Amazon-3M: https://drive.google.com/file/d/1gsabsx8KR2N9jJz16jTcA0QASXsNuKnN/view?usp=sharing
nodeidx2asin.csv: https://drive.google.com/file/d/1hxWJ3e_Jfk9HCdOqKSEk3HMFqpylkgak/view?usp=share_link
Word embeddings are created using the 'SentenceTransformers' library for all original product descriptions. We used the MiniLM model [https://huggingface.co/sentence-transformers/all-MiniLM-L6-v2]. All matching nodes in the graph have then been updated with the new embedding features. When updating the graph we go from 2.45M to 2.35M nodes.
The MLP models were trained in google colab notebooks:
-
Bag-of-words implementation: https://colab.research.google.com/drive/1CafDsj3n39SBXOpTZZtThuFbu5J8ZU4N?usp=sharing
-
Sbert implementation: https://colab.research.google.com/drive/1vu1sAFRL2sGWkHGQ0EWl1td0KNR6gdDd?usp=sharing
The MLP we train has a very simple architecture. We simply wanted to assess potential differences in using the graph structure of the problem for classification or simply using the embeddings. The difference in model size is due to differences in the embedding space of the BOW embeddings and the Sbert embeddings.

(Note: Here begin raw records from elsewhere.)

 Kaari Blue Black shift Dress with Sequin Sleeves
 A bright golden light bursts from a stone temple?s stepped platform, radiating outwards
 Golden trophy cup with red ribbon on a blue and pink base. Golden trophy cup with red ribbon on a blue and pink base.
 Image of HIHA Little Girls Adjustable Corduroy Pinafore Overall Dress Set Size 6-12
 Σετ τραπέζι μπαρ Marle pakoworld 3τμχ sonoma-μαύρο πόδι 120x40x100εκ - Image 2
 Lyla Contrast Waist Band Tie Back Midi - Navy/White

Embedding | Parameters | Acc. | F1 |
---|---|---|---|
BOW | 221,999 | 73.6 % | 72,2 % |
BERT | 367,457 | 86.6 % | 86.2 % |
General GCNs have a bottleneck in terms of efficiency and scalability. ClusterGCN attempts to combat this problem by partitioning the graph into subgraphs and performing convolutions on these to reduce time and memory complexity. The output of each cluster is aggregated to obtain the final prediction. The file for training is ogbn.py and ogbn_pca.py. The difference in model size is due to differences in the embedding space of the BOW embeddings and the Sbert embeddings.

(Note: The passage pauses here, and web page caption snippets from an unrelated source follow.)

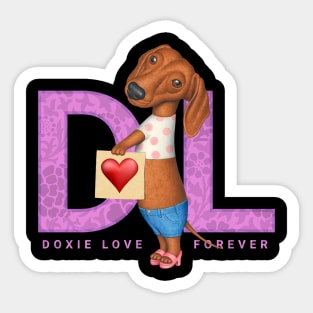 Doxie Love Forever Sticker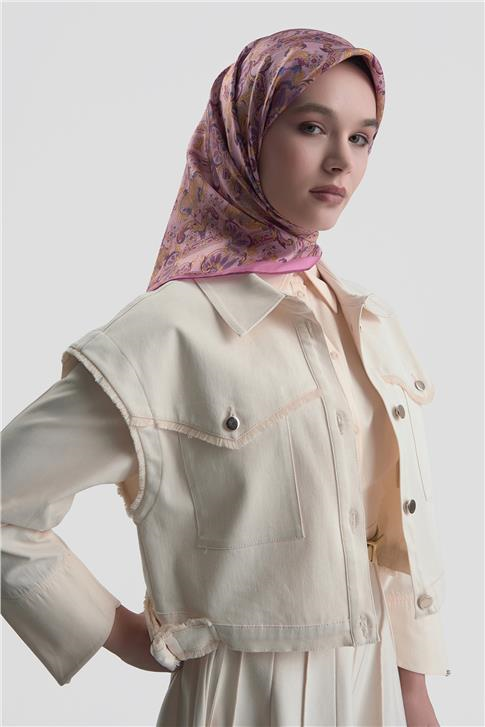 Armine Etnik Desen Saf İpek Twill Eşarp 9416D 59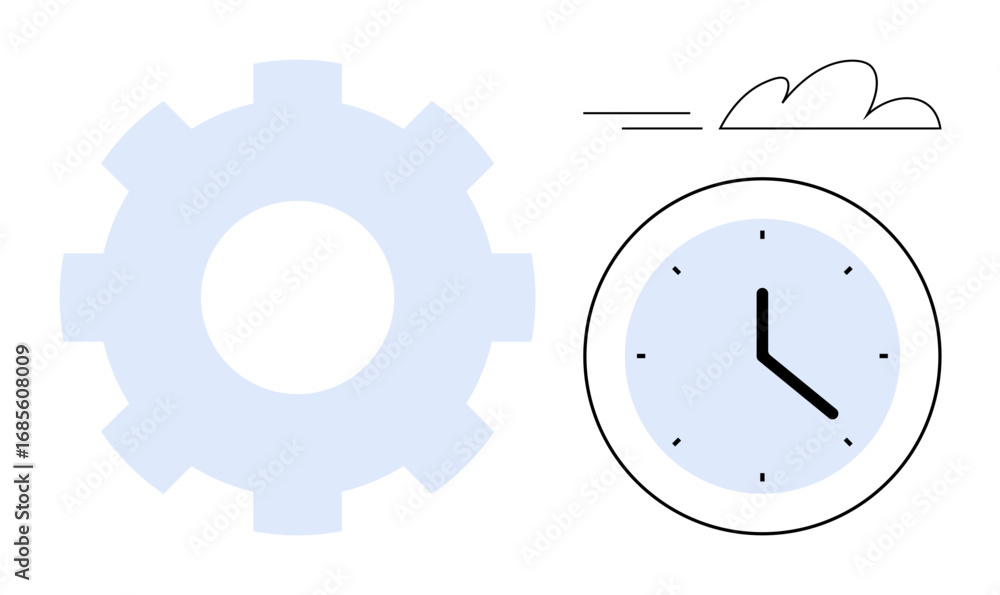 Poster large gear with a clock showing 3 o clock beside a moving cloud. ideal for efficiency, workflow, dea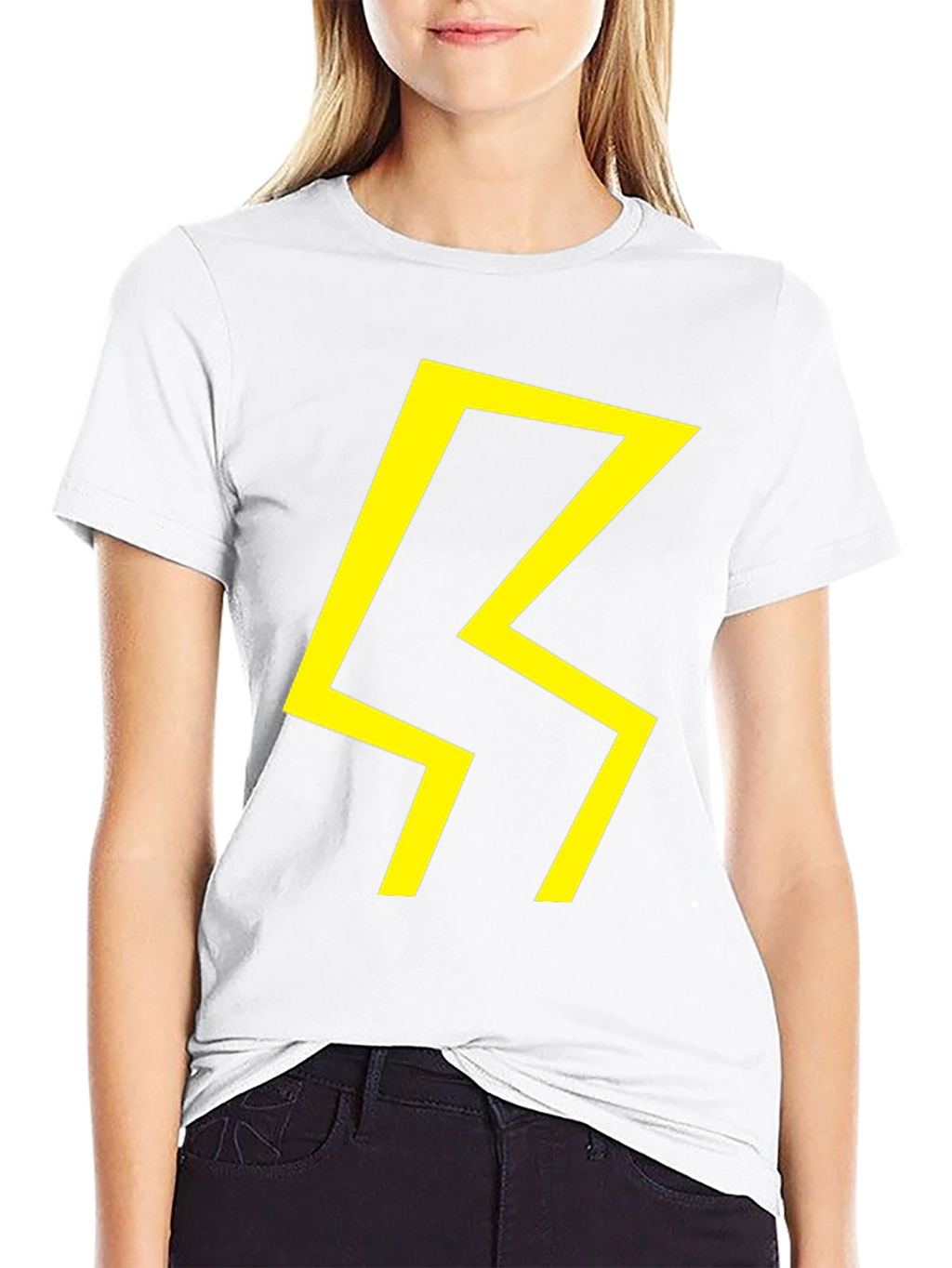 Bold Graphic Tee - Yellow Lightning Bolt on Black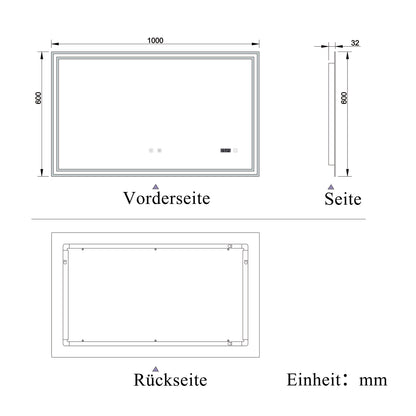LED Badspiegel 100x60 cm Bluetooth Uhr TOUCH BESCHLAGFREI Wandspiegel Kalt/Neutral/Warmweiß ,Dimmbar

Embedding | Parameters | Acc. | F1 |
---|---|---|---|
BOW | 75,576 | 87.5 % | 86.5 % |
BERT | 220,097 | 90.1 % | 90.6 % |
.
├── README.md
├── models
│ ├── bow-model-checkpoint-100.pt
│ ├── embedding-model-checkpoint-150.pt
│ ├── gcn_model_embedding_2layer_epoch500.pt
│ └── gcn_model_pca_2layer_epoch250.pt
├── requirements.txt
└── src
├── create_dataset.py
├── create_embeddings.py
├── create_graph_dataset.py
├── evaluation.ipynb
├── ogbn.py
└── ogbn_pca.py